There’s something poetic to the French version of the idiom in the title of Les Petits Mouchoirs — subtitled in English as Little White Lies. Taken literally, it’s a handkerchief that covers a blemish, as a white lie covers an ugly truth. And as they get left around without cleaning up the mess underneath there are soon layers and layers of handkerchiefs on top of each other. Unfortunately, the movie itself is more prosaic; there’s a many-layered pile of predictable messes, but nothing ever gets cleaned up.

The action plays out over a vacation taken by a group of friends every year. Normally it’s a month spent at a seaside home owned by the uptight hotelier Max (François Cluzet) and his wife Véro (Valérie Bonneton). They’re cutting it short this year; their friend Ludo (Jean Dujardin) is laid up in intensive care after a motorcycle accident. His visits will be restricted for a while anyway, so they may as well get in half of their vacation and get back to him when he starts to recover. Also staying at the house are Max’ osteopath, Vincent (Benoît Magimel), and his wife, Isa (Benoît Magimel), and their friends, Marie (Marion Cotillard), Éric (Gilles Lellouche), and Antoine (Laurent Lafitte), all of whom have their assorted romantic failings.

Vincent and Isa are drifting apart; she seems to sense that he’s attracted to someone else, but not that it’s actually Max. Of course, Max doesn’t exactly want Vincent’s interest out in the open, so he’s glad to cover this with a metaphorical handkerchief. The other motives are less well explained. Éric is hung up on his girlfriend, Léa (Louise Monot), who is about to leave; Antoine is hung up on his ex-girlfriend, Juliette (Anne Marivin), who is not about to return; Marie is still hung up on Ludo from a long-past relationship, but she makes up for it by not getting hung up in the slightest on any of a stream of lovers.

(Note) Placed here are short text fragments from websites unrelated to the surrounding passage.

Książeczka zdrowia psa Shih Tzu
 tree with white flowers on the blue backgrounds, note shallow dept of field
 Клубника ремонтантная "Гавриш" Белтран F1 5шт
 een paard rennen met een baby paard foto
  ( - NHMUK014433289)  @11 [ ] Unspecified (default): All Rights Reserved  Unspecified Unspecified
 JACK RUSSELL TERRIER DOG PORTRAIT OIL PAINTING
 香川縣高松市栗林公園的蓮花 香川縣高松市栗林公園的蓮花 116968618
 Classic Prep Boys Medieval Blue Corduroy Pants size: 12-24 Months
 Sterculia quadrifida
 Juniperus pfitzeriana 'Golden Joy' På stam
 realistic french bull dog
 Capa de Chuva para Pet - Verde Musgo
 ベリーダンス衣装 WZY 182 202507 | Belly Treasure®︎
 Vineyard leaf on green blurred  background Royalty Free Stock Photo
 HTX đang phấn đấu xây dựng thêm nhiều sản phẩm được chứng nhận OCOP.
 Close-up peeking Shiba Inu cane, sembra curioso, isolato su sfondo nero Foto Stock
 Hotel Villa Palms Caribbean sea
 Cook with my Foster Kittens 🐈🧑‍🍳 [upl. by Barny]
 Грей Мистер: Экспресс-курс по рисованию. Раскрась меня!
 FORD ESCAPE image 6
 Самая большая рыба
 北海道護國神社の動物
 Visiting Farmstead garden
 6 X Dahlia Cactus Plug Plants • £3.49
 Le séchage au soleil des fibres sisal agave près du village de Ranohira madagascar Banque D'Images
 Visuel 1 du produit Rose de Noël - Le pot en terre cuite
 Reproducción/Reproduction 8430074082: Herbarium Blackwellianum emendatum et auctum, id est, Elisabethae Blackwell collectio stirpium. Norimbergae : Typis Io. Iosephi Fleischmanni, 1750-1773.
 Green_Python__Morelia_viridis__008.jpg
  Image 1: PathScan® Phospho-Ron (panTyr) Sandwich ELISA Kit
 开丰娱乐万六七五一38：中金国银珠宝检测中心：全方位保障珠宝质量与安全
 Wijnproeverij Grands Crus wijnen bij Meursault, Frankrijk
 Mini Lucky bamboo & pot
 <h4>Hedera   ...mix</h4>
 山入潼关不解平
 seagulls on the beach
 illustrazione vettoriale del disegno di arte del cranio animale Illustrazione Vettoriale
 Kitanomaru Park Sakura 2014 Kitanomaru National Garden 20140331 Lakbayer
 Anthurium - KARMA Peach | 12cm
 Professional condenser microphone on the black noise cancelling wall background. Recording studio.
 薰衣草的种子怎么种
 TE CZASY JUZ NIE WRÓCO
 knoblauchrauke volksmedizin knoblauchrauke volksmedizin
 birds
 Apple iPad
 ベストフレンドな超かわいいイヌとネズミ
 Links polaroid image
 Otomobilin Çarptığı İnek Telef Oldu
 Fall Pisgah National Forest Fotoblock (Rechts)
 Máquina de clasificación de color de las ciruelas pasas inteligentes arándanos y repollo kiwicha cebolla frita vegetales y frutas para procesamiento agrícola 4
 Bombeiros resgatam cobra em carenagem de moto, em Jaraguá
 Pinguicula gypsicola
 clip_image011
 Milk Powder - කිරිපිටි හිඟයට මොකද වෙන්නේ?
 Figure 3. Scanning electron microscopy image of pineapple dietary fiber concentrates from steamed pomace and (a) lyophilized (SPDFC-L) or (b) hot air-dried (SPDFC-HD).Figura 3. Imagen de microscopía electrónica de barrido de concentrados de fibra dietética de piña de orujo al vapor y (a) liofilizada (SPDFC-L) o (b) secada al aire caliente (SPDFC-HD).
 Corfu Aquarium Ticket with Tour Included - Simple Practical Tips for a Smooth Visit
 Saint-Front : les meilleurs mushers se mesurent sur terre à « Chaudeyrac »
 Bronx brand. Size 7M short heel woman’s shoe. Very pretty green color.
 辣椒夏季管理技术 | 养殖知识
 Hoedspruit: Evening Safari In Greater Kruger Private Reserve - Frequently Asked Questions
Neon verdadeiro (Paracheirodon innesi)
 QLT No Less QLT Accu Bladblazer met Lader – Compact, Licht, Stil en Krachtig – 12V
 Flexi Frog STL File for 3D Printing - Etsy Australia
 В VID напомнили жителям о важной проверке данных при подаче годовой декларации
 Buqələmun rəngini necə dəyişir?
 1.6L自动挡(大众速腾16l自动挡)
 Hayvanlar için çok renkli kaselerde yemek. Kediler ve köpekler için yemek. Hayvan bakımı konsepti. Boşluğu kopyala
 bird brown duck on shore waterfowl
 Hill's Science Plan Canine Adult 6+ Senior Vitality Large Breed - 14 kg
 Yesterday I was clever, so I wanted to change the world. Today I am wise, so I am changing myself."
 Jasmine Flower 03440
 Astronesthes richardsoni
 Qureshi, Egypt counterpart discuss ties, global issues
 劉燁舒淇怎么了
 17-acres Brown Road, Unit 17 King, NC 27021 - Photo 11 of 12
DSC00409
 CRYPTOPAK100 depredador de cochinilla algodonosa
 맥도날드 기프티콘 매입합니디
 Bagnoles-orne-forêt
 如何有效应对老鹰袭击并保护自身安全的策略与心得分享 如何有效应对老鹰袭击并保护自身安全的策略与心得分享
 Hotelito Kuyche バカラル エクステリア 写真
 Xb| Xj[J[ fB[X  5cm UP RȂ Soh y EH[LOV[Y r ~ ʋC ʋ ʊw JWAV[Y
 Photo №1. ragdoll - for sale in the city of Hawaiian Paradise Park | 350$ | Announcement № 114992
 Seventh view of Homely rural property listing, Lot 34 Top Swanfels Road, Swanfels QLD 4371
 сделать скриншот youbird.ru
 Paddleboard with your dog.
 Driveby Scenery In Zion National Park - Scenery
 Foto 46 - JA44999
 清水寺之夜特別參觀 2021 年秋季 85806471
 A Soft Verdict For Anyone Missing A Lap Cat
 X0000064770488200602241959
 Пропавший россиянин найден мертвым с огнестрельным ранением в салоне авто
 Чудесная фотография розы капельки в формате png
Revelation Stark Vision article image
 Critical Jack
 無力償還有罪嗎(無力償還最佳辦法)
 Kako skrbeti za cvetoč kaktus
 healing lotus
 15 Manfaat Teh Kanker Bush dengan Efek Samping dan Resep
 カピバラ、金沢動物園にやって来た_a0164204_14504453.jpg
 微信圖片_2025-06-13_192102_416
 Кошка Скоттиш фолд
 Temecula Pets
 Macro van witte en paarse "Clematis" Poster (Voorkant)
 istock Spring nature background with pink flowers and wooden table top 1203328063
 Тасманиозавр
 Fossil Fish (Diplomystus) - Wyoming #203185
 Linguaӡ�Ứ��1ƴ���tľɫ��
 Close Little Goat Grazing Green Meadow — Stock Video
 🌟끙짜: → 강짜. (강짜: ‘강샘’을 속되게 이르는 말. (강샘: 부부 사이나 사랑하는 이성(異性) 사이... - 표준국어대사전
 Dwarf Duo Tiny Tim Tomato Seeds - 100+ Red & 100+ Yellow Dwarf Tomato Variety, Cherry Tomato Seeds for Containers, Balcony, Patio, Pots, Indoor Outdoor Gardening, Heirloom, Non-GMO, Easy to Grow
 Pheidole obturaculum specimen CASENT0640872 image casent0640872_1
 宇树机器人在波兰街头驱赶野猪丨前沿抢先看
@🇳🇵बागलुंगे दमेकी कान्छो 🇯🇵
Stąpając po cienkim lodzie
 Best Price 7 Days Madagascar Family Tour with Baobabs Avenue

Of course from our omniscient perspective all this covering-up is clear, and none of it is particularly original. In case the massive and systemic dysfunction among this group isn’t apparent, they throw in Max’ honest, hardworking childhood friend, Jean-Louis (Joël Dupuch), the oyster fisherman who lives near the house. He, too, can see how screwed up these effete Parisians are, and when pushed far enough he can tell them so.

The movie has been described by many as the French version of The Big Chill, but beyond an ensemble cast and some relationship drama triggered — obliquely, here — by a tragedy, it doesn’t really work out. It certainly wants to be The Big Chill, though, down to a soundtrack of blaring American pop from the late ’60s and early ’70s, which — unless there was some sort of revival in France — is about twenty years out of date from these characters.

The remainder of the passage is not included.